I recollect that we were requested by the judge to reduce to writing the questions that we wished to propound to Colonel Taylor. I thought the measure so novel and unprecedented that I was not disposed to comply with this desire. The questions were, however, stated in writing by Mr. Nicholas, who observed that he hoped we would not be confined in the examination of the witness to the questions thus stated in writing. If I mistake not, before the questions were reduced to writing, Mr. Nicholas made some observations about the mode pursued by the Court in reference to the attorney for the United States, and that exercised towards the counsel for the prisoner; that the attorney for the United States had not been required to state in writing the questions he wished to ask.

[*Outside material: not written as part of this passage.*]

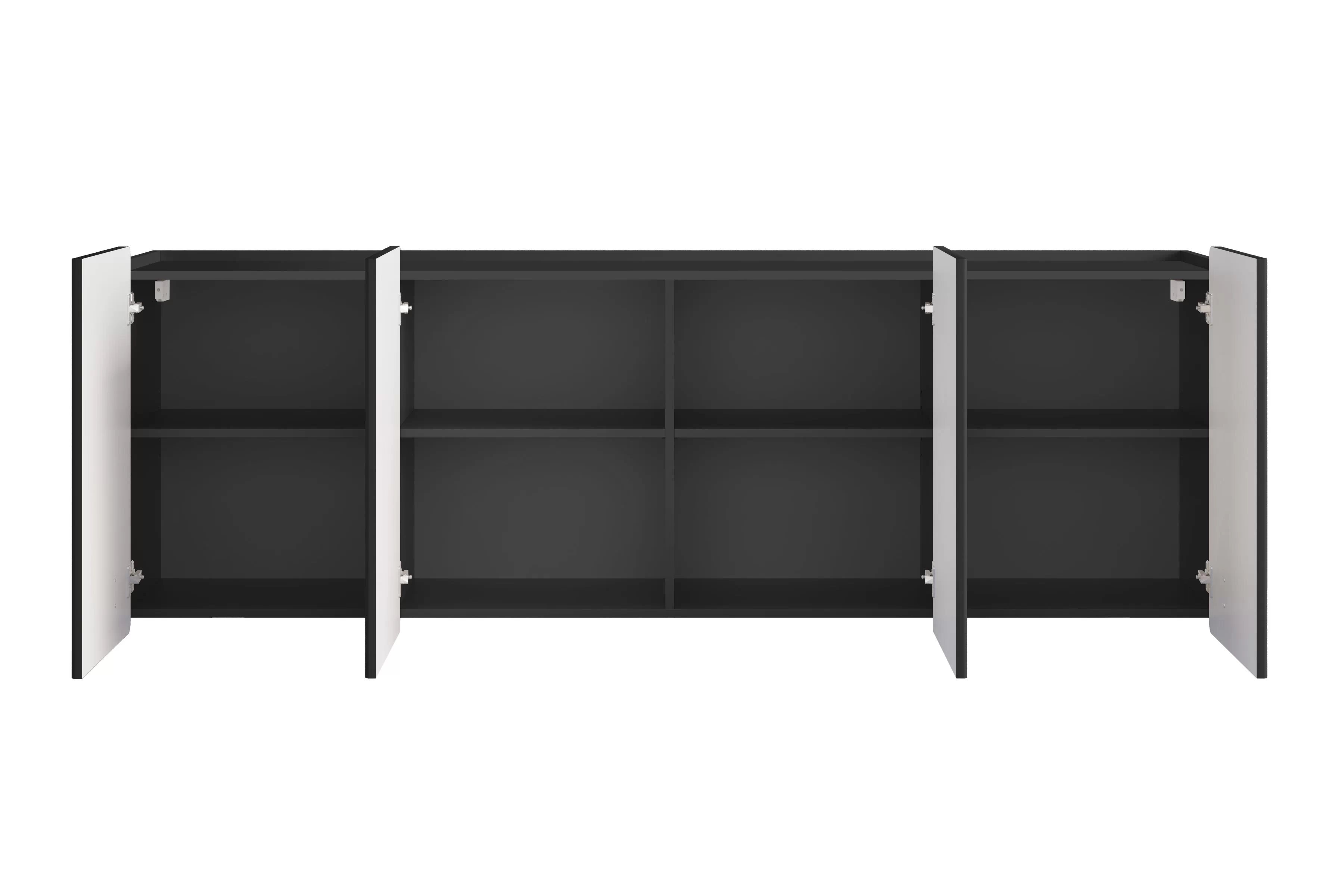 Závěsná komoda Malmi 200 cm - černý mat / zlatá Komoda Malmi 200 cm závěsná - černá mat / zlatá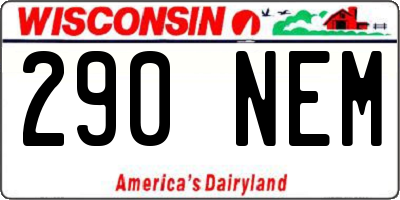 WI license plate 290NEM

When this remark was made to the judge, he said that the attorney for the United States had stated in the opening of the case all that he expected to prove; “but though this were done, we were not bound to do it.” My impression is that that word escaped the judge several times.
Mr. Nicholson. What word?
Mr. Hay. The word “we.”
Mr. Nicholson. Did it refer to the Court as well as the attorney?
Mr. Hay. So, sir, I understood it.
The fourth article relates to the refusal of the judge to postpone the trial on the affidavit of Callender; on which I can only say that the affidavit was filed, but whether regularly drawn or not I do not know. This affidavit, according to my best recollection, stated the absence of material witnesses.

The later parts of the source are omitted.